ECLI:NL:HR:2004:AO9785
Hoge Raad
- Cassatie
- C.J.G. Bleichrodt
- W.A.M. van Schendel
- J.W. Ilsink
- Rechtspraak.nl
Onrechtmatigheid van huiszoeking en bewijsverkrijging in strafzaak
In deze zaak gaat het om de onrechtmatigheid van een huiszoeking die heeft plaatsgevonden in de woning van de verdachte, in het kader van een gerechtelijk vooronderzoek tegen een medeverdachte. De verdachte, geboren in 1951 en wonende te [woonplaats], werd verdacht van bijstandfraude. De huiszoeking vond plaats op 30 november 1999, waarbij de politie onjuiste informatie had verstrekt over de woonplaats van de medeverdachte.

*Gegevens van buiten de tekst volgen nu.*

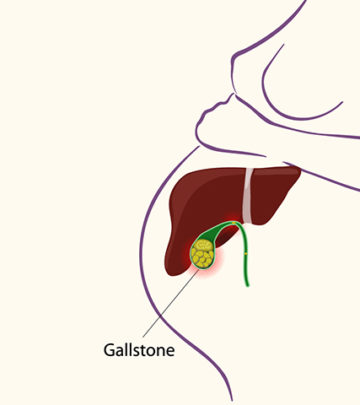 Gallstones During Pregnancy - Everything You Need To Know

De verdediging stelde dat de huiszoeking onrechtmatig was, omdat er geen toestemming was gegeven door de verdachte en dat het bewijs dat tijdens deze huiszoeking was verkregen, niet gebruikt mocht worden in de strafzaak tegen haar.

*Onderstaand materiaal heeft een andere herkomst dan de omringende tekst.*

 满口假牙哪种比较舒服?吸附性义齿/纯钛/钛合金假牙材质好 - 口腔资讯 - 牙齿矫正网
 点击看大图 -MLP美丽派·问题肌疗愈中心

Het hof had eerder geoordeeld dat de verdachte geen belang had bij het beroep op de onrechtmatigheid van de huiszoeking, omdat deze alleen relevant zou zijn voor de medeverdachte. De Hoge Raad oordeelde echter dat dit oordeel onjuist was, aangezien de verdachte wel degelijk geraakt werd door de onrechtmatige huiszoeking. De Hoge Raad vernietigde de uitspraak van het hof en verwees de zaak terug naar het Gerechtshof te Arnhem voor nader onderzoek naar de onrechtmatigheid van de huiszoeking en de gevolgen daarvan voor de bewijsvoering in de zaak tegen de verdachte.

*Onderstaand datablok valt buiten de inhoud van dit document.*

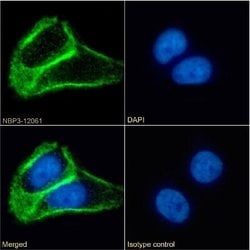 TSPAN1 Rabbit anti-Human, Clone: 2022-04-12 00:00:00, Novus Biologicals:Antibodies:Primary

De Hoge Raad benadrukte dat het hof onvoldoende had gemotiveerd waarom de verdachte geen belang had bij haar beroep op de onrechtmatigheid van de huiszoeking. Dit arrest heeft belangrijke implicaties voor de bescherming van het huisrecht en de rechtsgeldigheid van bewijs dat onder onrechtmatige omstandigheden is verkregen.